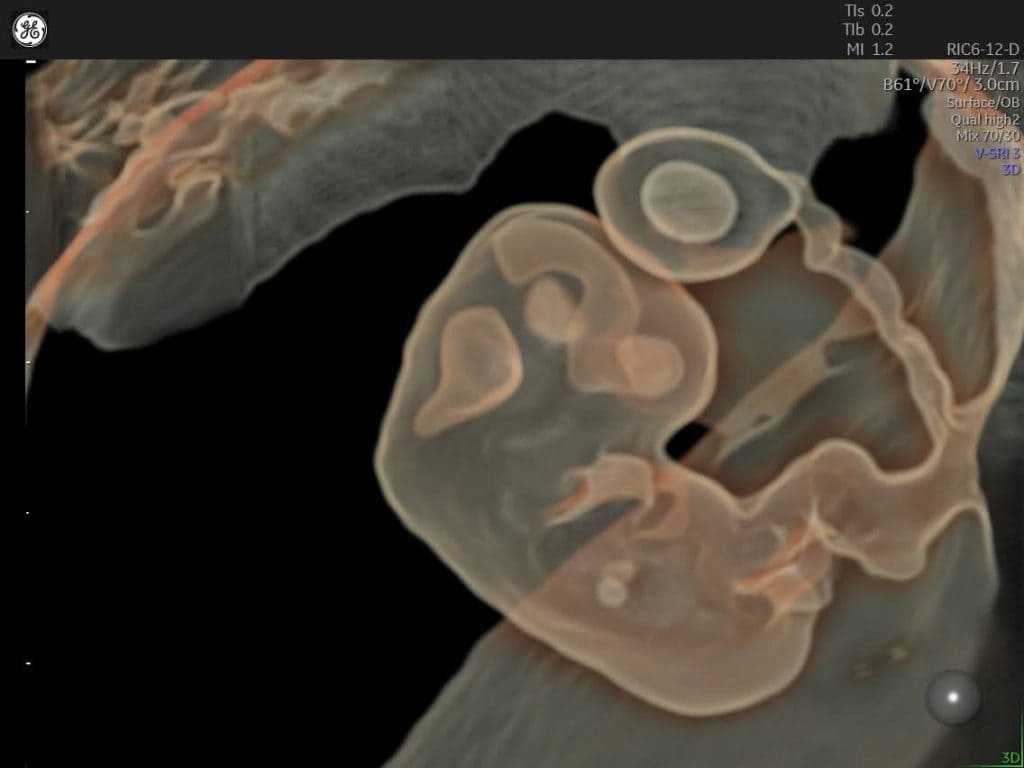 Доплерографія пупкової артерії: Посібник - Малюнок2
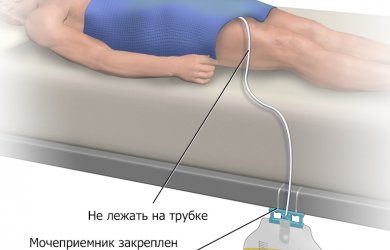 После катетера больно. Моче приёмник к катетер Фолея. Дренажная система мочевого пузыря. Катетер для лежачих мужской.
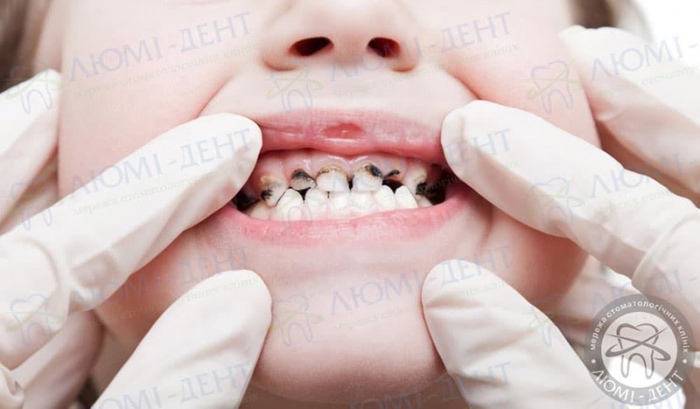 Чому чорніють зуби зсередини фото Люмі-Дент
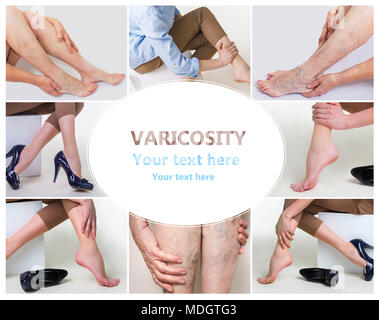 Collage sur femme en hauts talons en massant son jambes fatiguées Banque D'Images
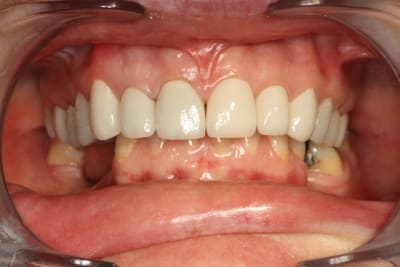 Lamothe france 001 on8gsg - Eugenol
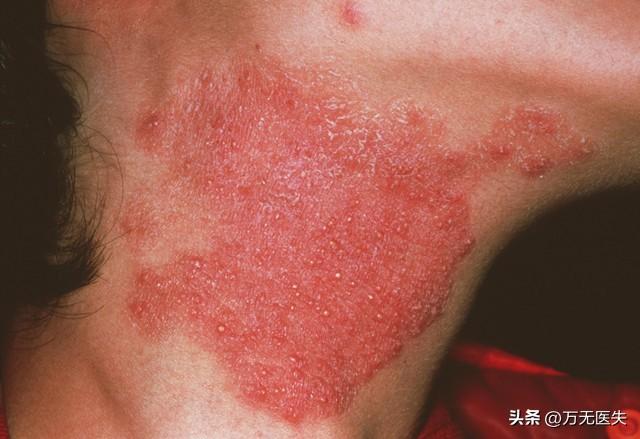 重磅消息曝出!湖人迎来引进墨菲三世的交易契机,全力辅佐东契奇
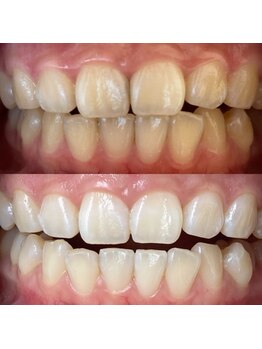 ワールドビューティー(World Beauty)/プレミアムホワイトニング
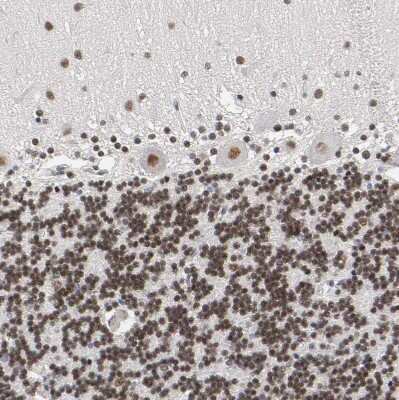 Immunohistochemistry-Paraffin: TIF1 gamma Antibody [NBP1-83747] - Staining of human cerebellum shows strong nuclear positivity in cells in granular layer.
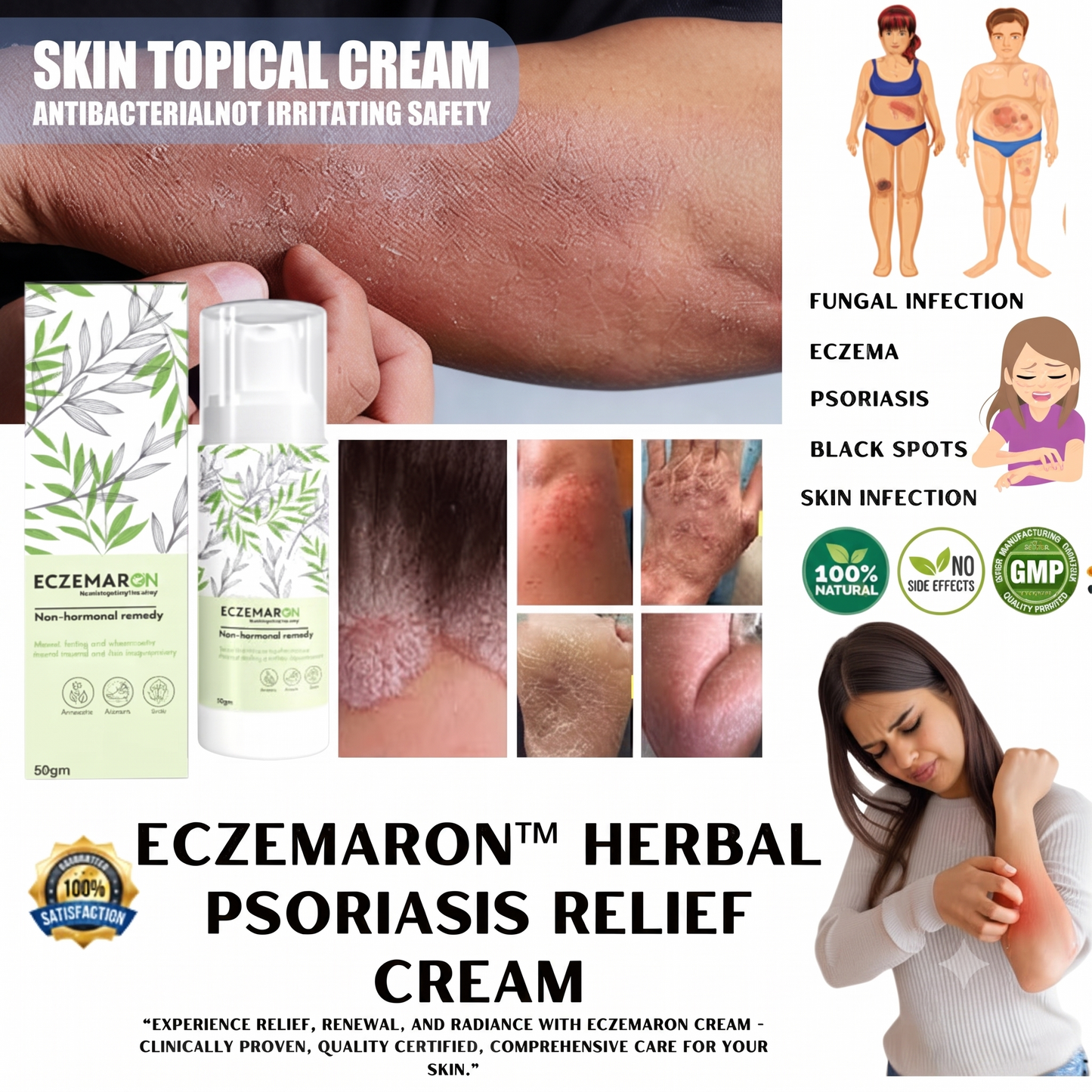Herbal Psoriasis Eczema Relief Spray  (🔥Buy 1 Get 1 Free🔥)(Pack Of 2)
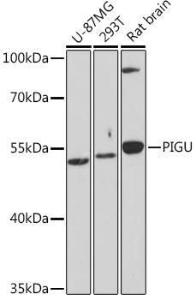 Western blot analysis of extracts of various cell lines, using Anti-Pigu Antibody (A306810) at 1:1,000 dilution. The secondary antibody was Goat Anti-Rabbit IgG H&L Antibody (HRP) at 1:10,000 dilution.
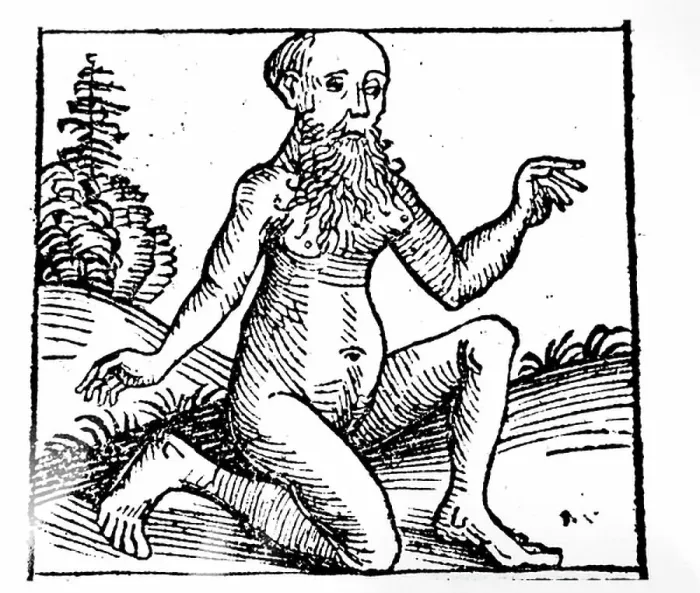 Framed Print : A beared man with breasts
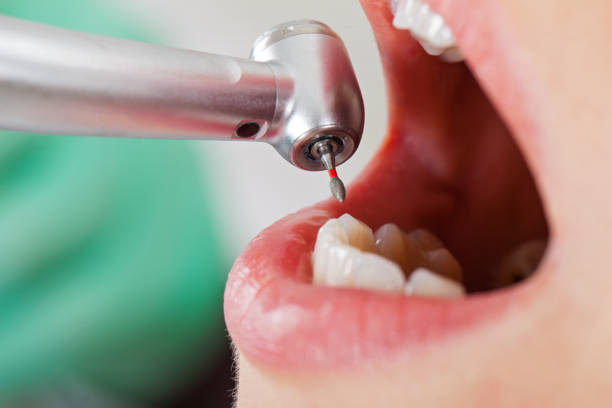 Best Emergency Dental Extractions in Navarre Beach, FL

····················

§ Exercise objective: Exact text is required for the lines from the one with "重磅消息曝出!湖人迎来引进墨菲三世的交易契机,全力辅佐东契奇" through the last line of the entries, both included. Omit pictures.

§ Exercise response:
 重磅消息曝出!湖人迎来引进墨菲三世的交易契机,全力辅佐东契奇
 ワールドビューティー(World Beauty)/プレミアムホワイトニング
 Immunohistochemistry-Paraffin: TIF1 gamma Antibody [NBP1-83747] - Staining of human cerebellum shows strong nuclear positivity in cells in granular layer.
Herbal Psoriasis Eczema Relief Spray  (🔥Buy 1 Get 1 Free🔥)(Pack Of 2)
 Western blot analysis of extracts of various cell lines, using Anti-Pigu Antibody (A306810) at 1:1,000 dilution. The secondary antibody was Goat Anti-Rabbit IgG H&L Antibody (HRP) at 1:10,000 dilution.
 Framed Print : A beared man with breasts
 Best Emergency Dental Extractions in Navarre Beach, FL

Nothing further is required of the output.